As a longhaired breed, they also need to be trimmed regularly about every 6 to 8 weeks to keep them looking their best. If a professional groomer is used, they will clip the hair between the footpads, remove hairs from the ears, and clip the nails.
Most Chinese Imperials will need a bath between grooming and some will bathe their dogs as frequently as every week. Generally, a bath about every 3 weeks is plenty unless the dog gets very dirty in the meantime. Don't forget teeth brushing--little guys need their teeth brushed too!
It is difficult to find any information about the health status of these dogs other than what is known about the Shih Tzu.
Part of the debate among the Chinese Imperial Dog breeders and the ASTC involve health issues.

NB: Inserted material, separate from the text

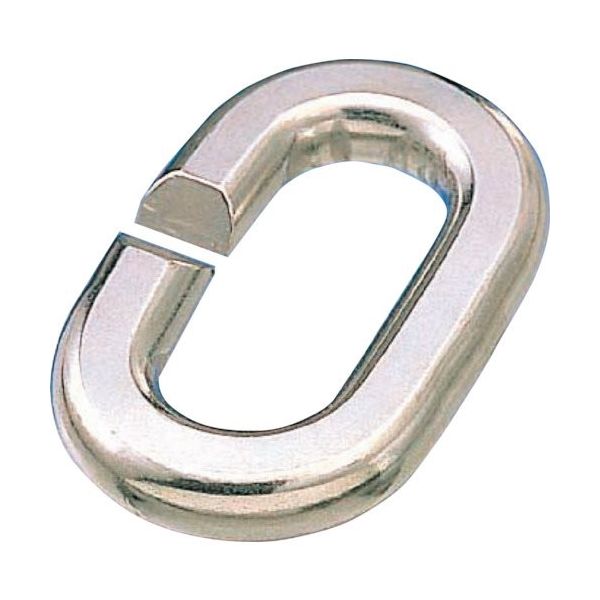 水本機械製作所 水本 ステンレス パワーCカン A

The ASTC maintains that the CID is very unhealthy and the CIDCA states their dogs are very healthy.
It is difficult to know what to think about the health status of these dogs. The veterinary profession is likely to agree with the ASTC based on their previous experiences with other teacup-sized dogs.
The list of conditions below is found in the Shih Tzu and is a likely source of potential problems in the Chinese Imperial. In addition, due to their small size, injury can occur so you must protect them from themselves at times.
Skeletal problems can be an issue such as hip dysplasia, elbow problems, and patellar luxation. While none of these problems is life threatening, they can cause discomfort and may require lifetime support or surgery.